Instructions for the task -> As you work through the listing below, copy each line exactly and drop the images.

Input data ->

+ + + +

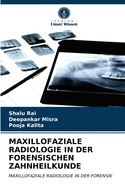 Maxillofaziale Radiologie in Der Forensischen Zahnheilkunde
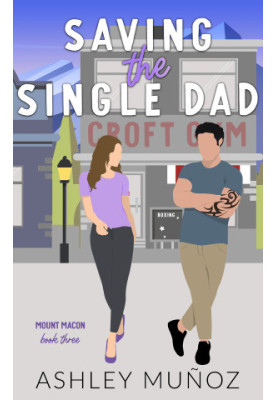 Ashley Munoz - [Mount Macon 03] - Saving the Single Dad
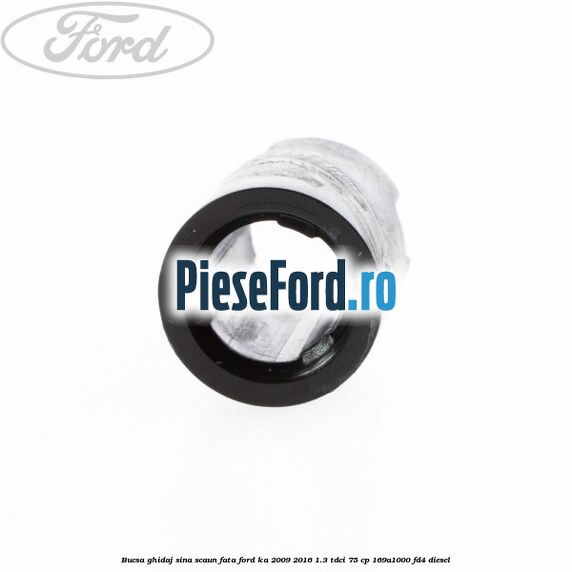 Bucsa ghidaj sina scaun fata Ford Ka 2009-2016 1.3 TDCi 75 cp 169A1000, FD4 diesel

+ + + +

Response ->
 Maxillofaziale Radiologie in Der Forensischen Zahnheilkunde
 Ashley Munoz - [Mount Macon 03] - Saving the Single Dad
 Bucsa ghidaj sina scaun fata Ford Ka 2009-2016 1.3 TDCi 75 cp 169A1000, FD4 diesel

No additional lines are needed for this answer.